▶ Material for the task
::::

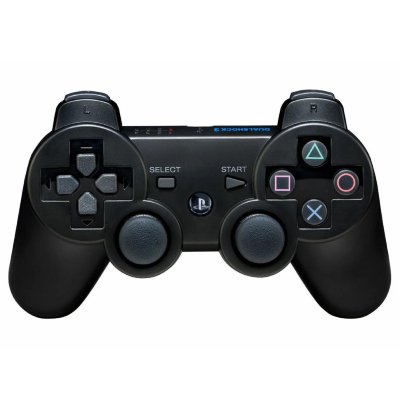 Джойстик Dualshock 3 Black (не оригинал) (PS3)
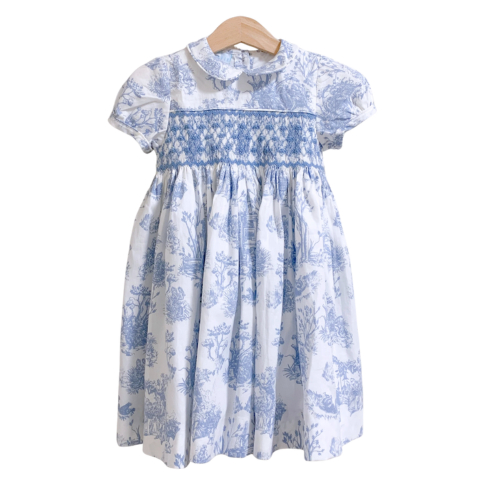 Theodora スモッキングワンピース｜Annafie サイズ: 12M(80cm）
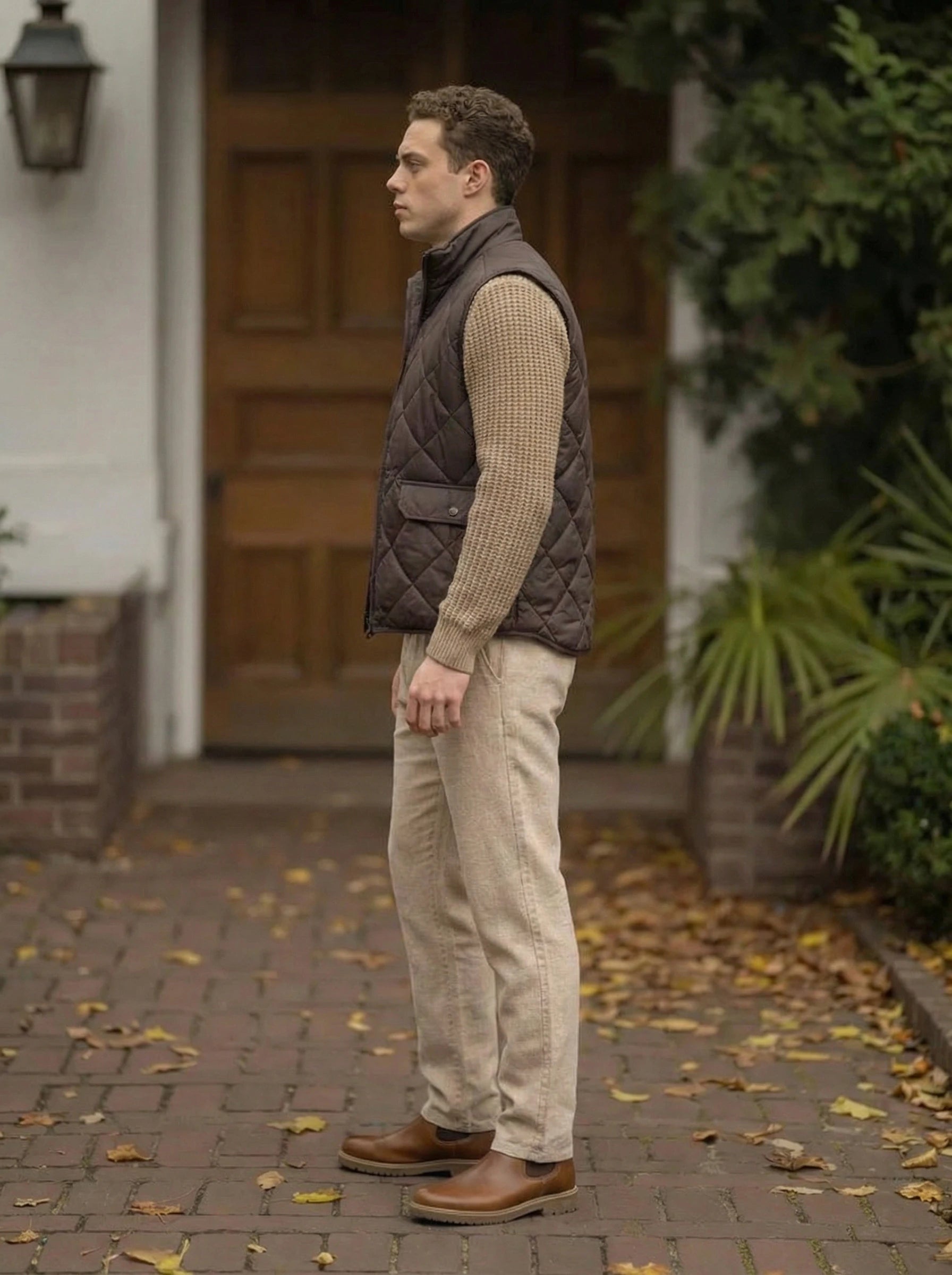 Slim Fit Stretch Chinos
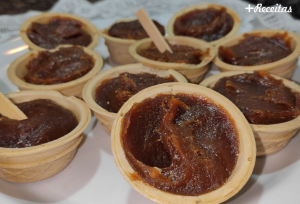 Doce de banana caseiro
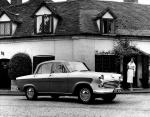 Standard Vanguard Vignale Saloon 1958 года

::::

▶ Action item
The pictures in the entries should be left out; output everything else exactly.

▶ Exercise response
 Джойстик Dualshock 3 Black (не оригинал) (PS3)
 Theodora スモッキングワンピース｜Annafie サイズ: 12M(80cm）
 Slim Fit Stretch Chinos
 Doce de banana caseiro
 Standard Vanguard Vignale Saloon 1958 года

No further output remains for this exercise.